One way of directly writing nanoscale structures onto a substrate is to use an atomic force microscope (AFM) tip as a pen to deposit ink molecules through molecular diffusion onto the surface. Unlike conventional nanofabrication techniques that are expensive, require specialized environments and usually work with only a few materials, this technique, called dip-pen nanolithography, can be used in almost any environment to write many different chemical compounds. A cousin of this technique — called thermal dip-pen nanolithography — extends this technique to solid materials by turning an AFM tip into a tiny soldering iron.

Dip-pen nanolithography can be used to pattern features as small as 20 nanometers, more than forty thousand times smaller than the width of a human hair. What’s more, the writing tip also performs as a surface profiler, allowing a freshly-writ surface to be imaged with nanoscale precision immediately after patterning.

“Tip-based manufacturing holds real promise for precise fabrication of nanoscale devices,” says Jim DeYoreo, interim director of Berkeley Lab’s Molecular Foundry, a DOE nanoscience research center. “However, a robust technology requires a scientific foundation built on an understanding of material transfer during this process.
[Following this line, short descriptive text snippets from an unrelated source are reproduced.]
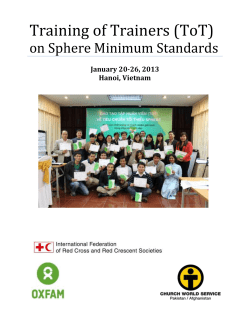 Training of Trainers (ToT) on Sphere Minimum Standards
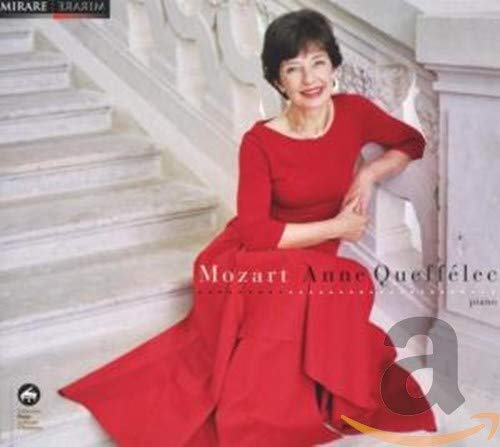 CD cover: Anne Queffelec in red dress, Mozart piano works.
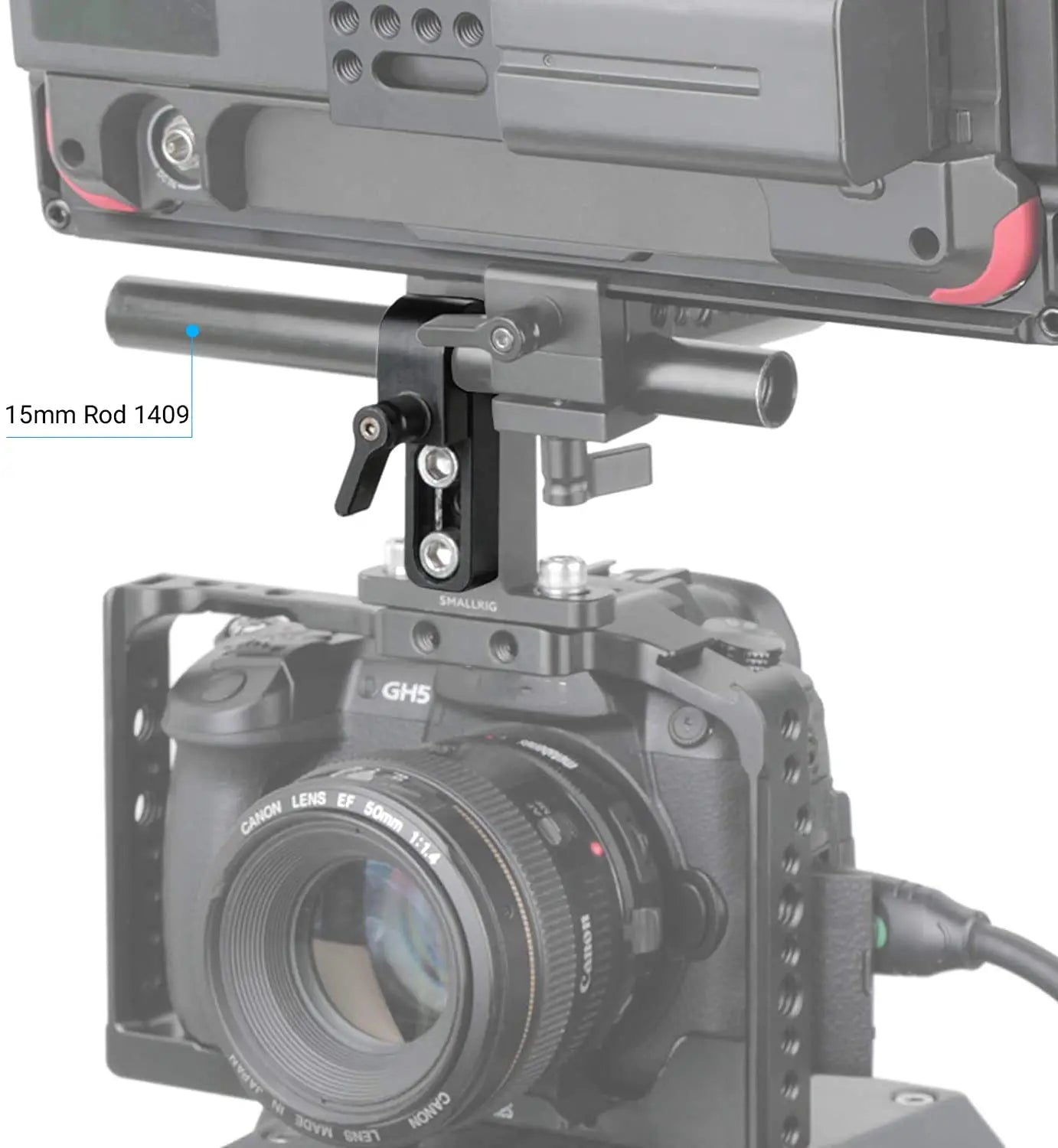 SmallRig Single 15mm Rail Clamp Mount Rod Clamp with Long Hole on Plate / Cage / Handle for Rod Extension - 1549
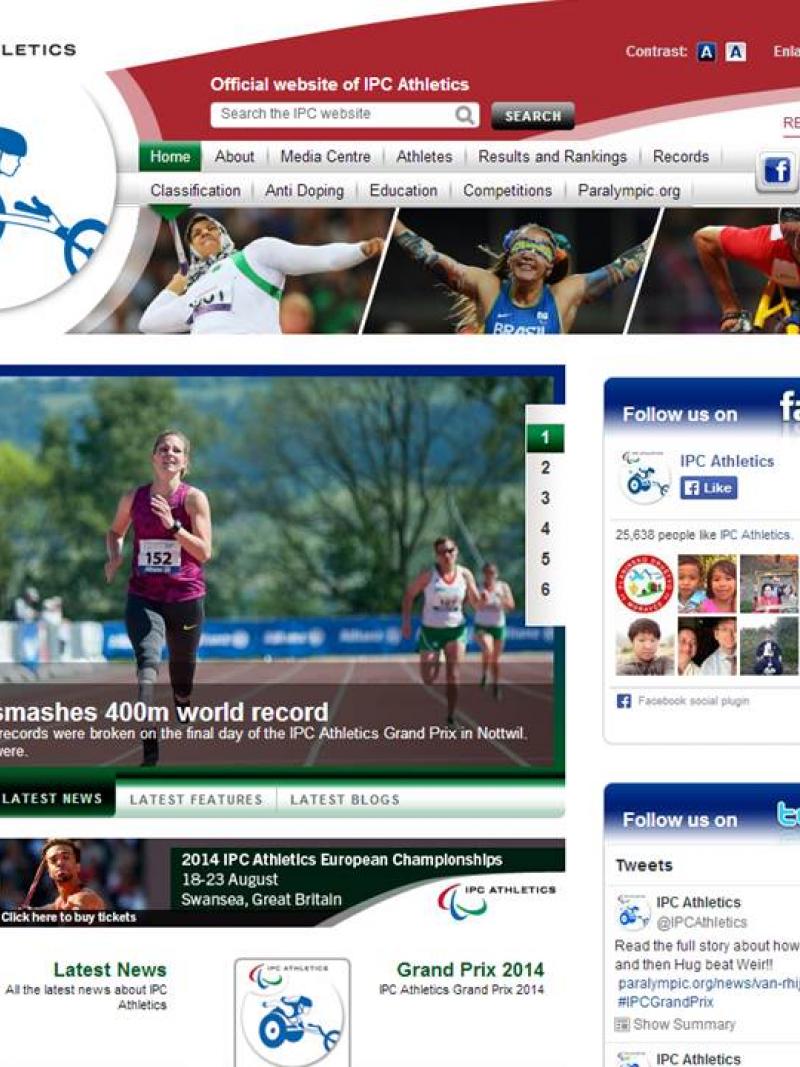 Screenshot of the new look IPC Athletics unrolled a new-look www.IPC-Athletics.org.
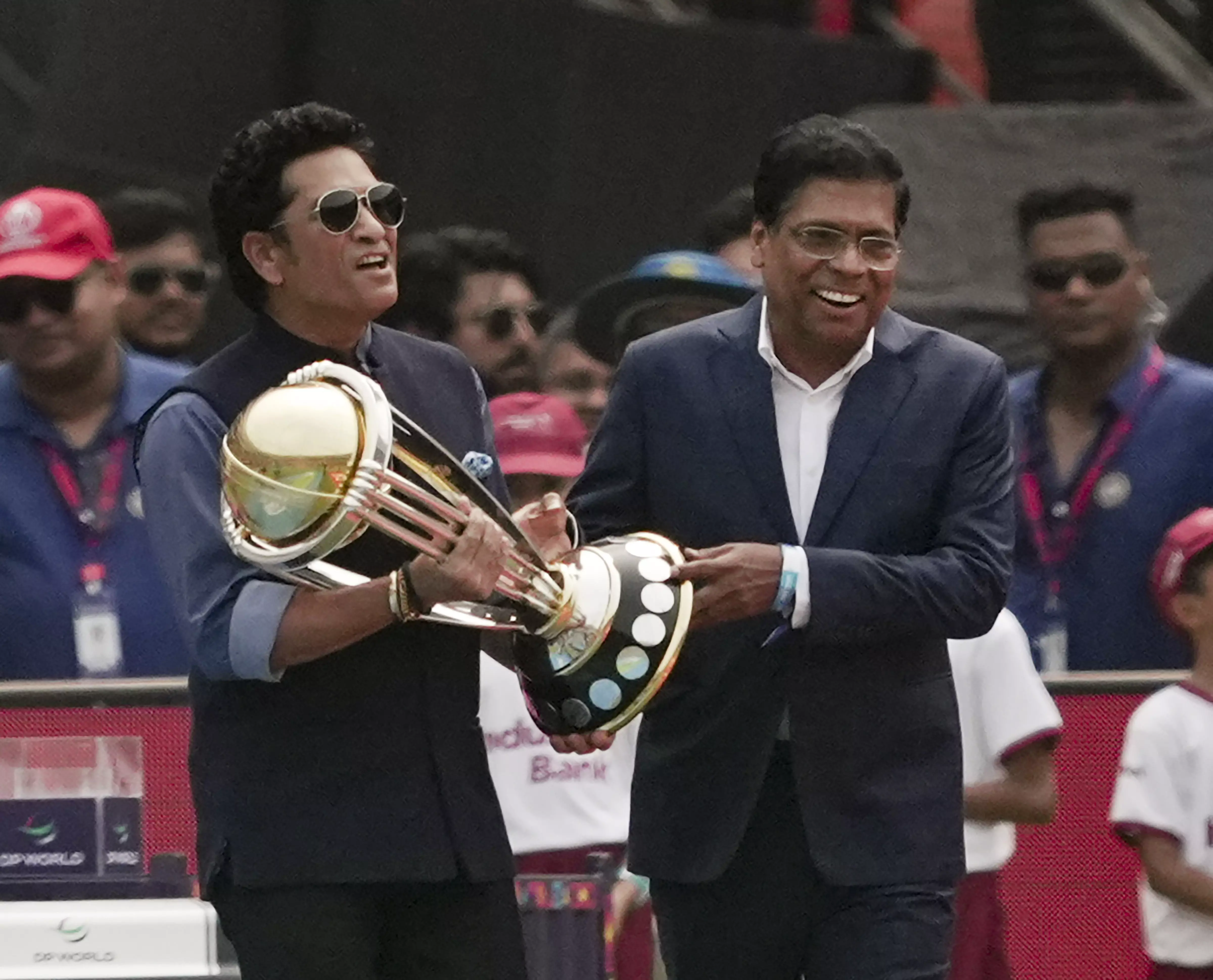 Sachin Tendulkar brings out the World Cup trophy ahead of the India vs Pakistan match at Narendra Modi Stadium in Ahmedabad on Saturday (October 14). Photo: PTI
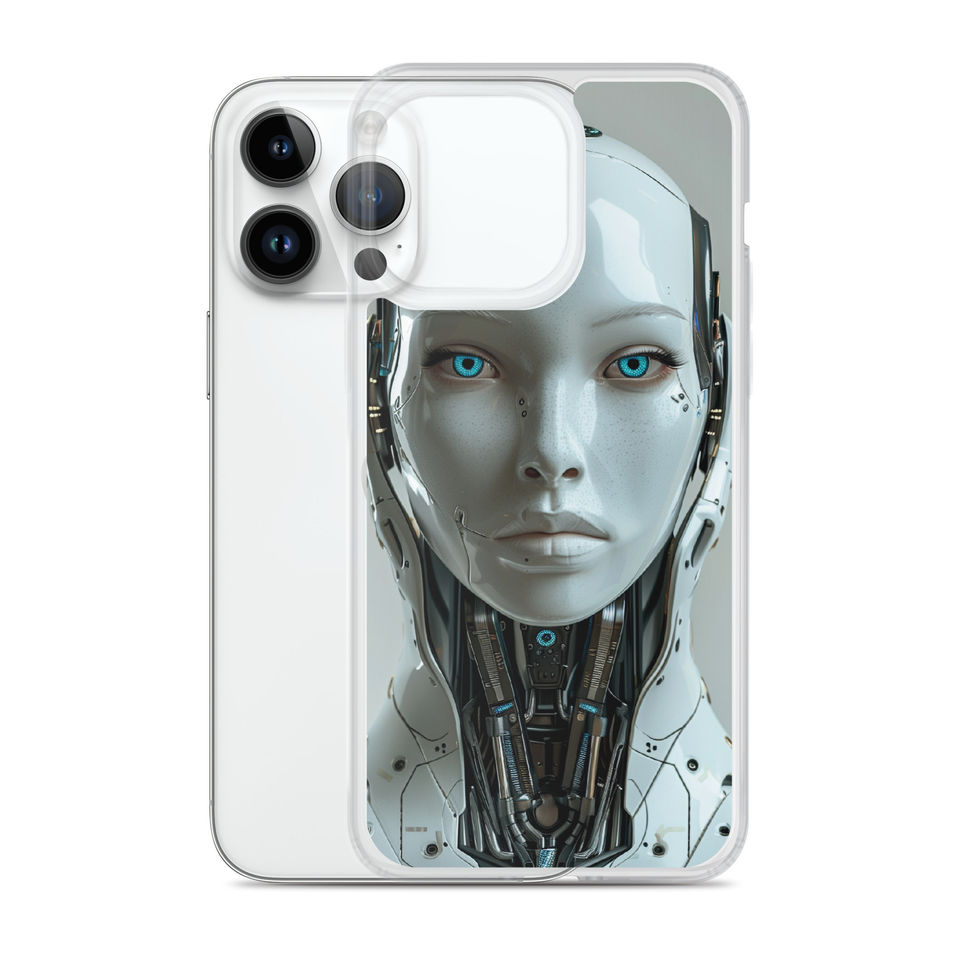 Calm AI sentinel with exposed mechanical details; angled case mockup on an iPhone® Clear Case.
Our study is the first to provide this fundamental understanding of thermal dip-pen nanolithography.”

nanolithography

Thermal dip-pen nanolithography turns the tip of a scanning probe microscope into a tiny soldering iron that can be used to draw chemical patterns as small as 20 nanometers on surfaces. (Image courtesy of DeYoreo, et. al)

In this study, DeYoreo and coworkers systematically investigated the effect of temperature on feature size. Using their results, the team developed a new model to deconstruct how ink molecules travel from the writing tip to the substrate, assemble into an ordered layer and grow into a nanoscale feature.

“By carefully considering the role of temperature in thermal dip-pen nanolithography, we may be able to design and fabricate nanoscale patterns of materials ranging from small molecules to polymers with better control over feature sizes and shapes on a variety of substrates,” says Sungwook Chung, a staff scientist in Berkeley Lab’s Physical Biosciences Division, and Foundry user working with DeYoreo. “This technique helps overcome fundamental length scale limitations without the need for complex growth methods.”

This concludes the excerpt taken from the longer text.